What the task asks: Beginning at the line with "Mamicha Women Embroidered", please repeat each line exactly through the end of the records below, including that first line and the last, but no pictures.

(Scraped caption text data)

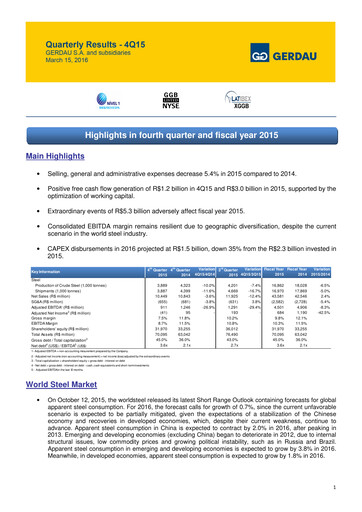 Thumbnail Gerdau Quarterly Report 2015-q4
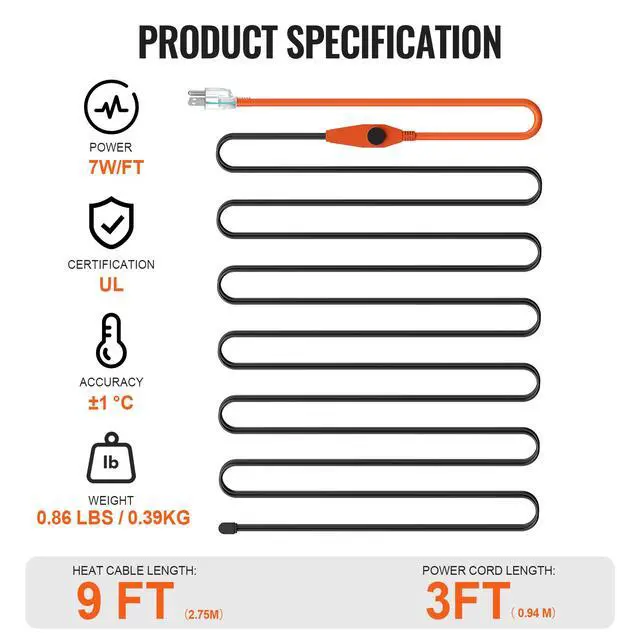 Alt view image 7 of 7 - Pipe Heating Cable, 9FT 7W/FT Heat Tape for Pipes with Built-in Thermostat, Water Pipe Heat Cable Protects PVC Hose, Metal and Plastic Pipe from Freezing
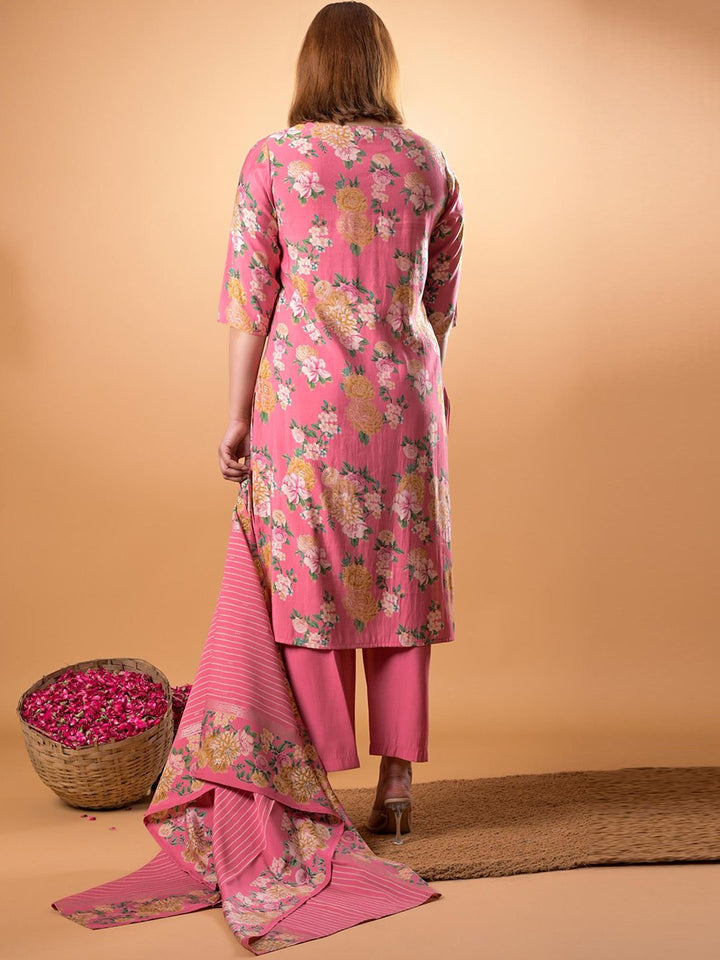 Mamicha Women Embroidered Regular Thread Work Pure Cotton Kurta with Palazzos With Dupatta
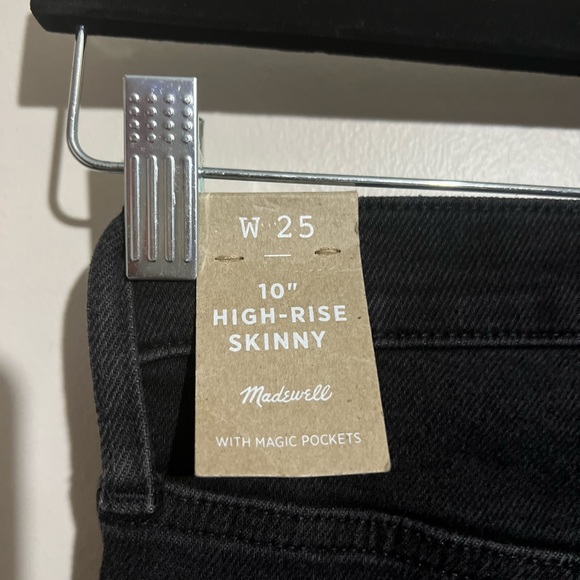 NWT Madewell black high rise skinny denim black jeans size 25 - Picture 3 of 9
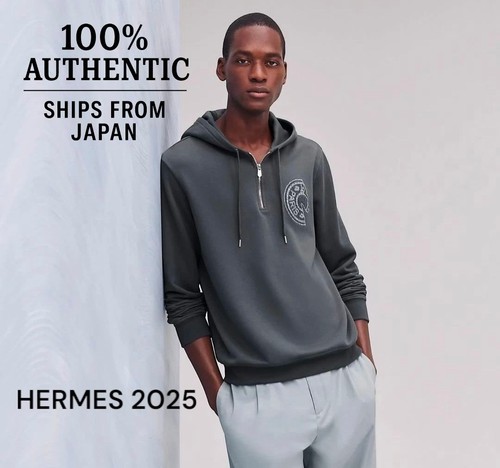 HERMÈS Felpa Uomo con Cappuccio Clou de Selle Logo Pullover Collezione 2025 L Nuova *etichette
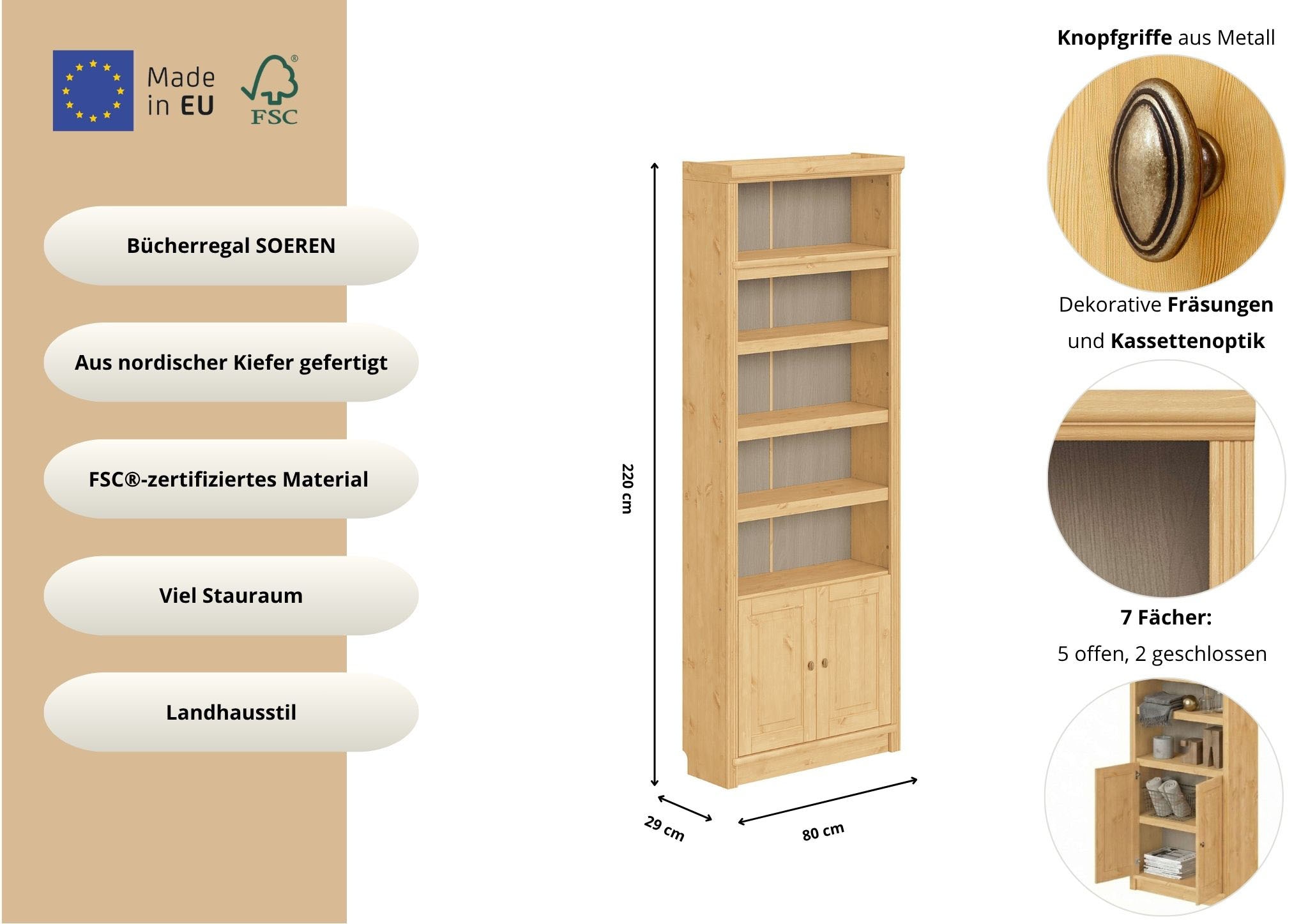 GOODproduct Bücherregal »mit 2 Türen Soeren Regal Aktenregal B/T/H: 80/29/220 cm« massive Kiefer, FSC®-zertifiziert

Output for this task:
 Mamicha Women Embroidered Regular Thread Work Pure Cotton Kurta with Palazzos With Dupatta
 NWT Madewell black high rise skinny denim black jeans size 25 - Picture 3 of 9
 HERMÈS Felpa Uomo con Cappuccio Clou de Selle Logo Pullover Collezione 2025 L Nuova *etichette
 GOODproduct Bücherregal »mit 2 Türen Soeren Regal Aktenregal B/T/H: 80/29/220 cm« massive Kiefer, FSC®-zertifiziert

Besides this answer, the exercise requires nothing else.